■ TASK BRIEF: Could you restate the data word for word and drop the pictures?

■ RECORDS SHOWN:
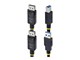 DU1226-KVM-CABLE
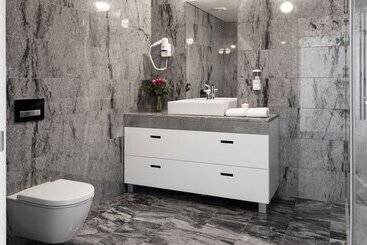 Lisbon Serviced Apartments   Baixa Castelo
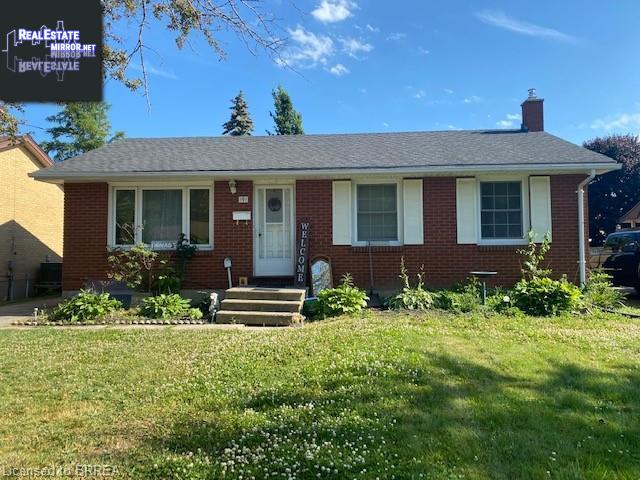 Property 191 Myrtle Street main img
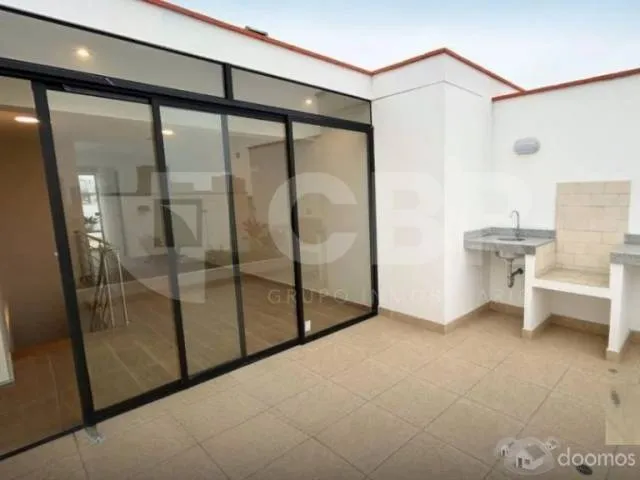 VENDO DEPARTAMENTO ESTRENO EN PUEBLO LIBRE — foto 11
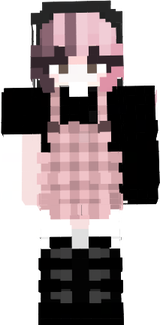 ku romi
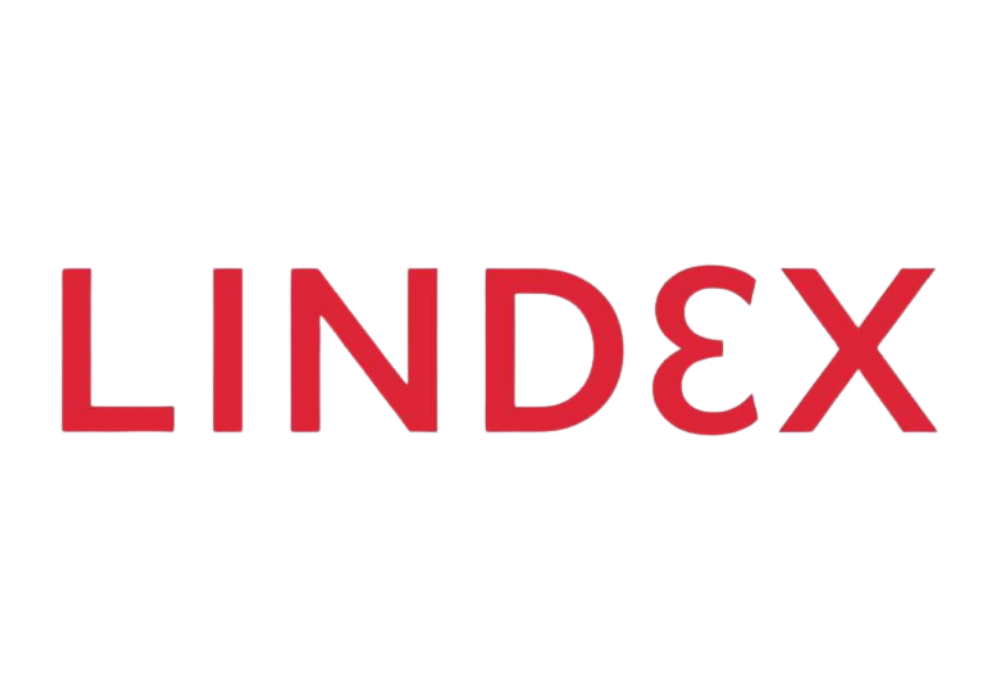 LINDEX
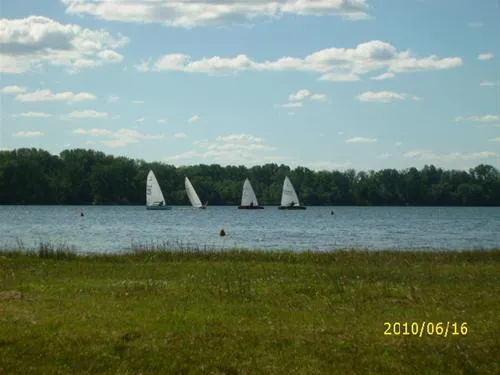 campingplatz-barleber-see-magdeburg-jhuzn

■ PROBLEM SOLUTION:
 DU1226-KVM-CABLE
 Lisbon Serviced Apartments   Baixa Castelo
 Property 191 Myrtle Street main img
 VENDO DEPARTAMENTO ESTRENO EN PUEBLO LIBRE — foto 11
 ku romi
 LINDEX
 campingplatz-barleber-see-magdeburg-jhuzn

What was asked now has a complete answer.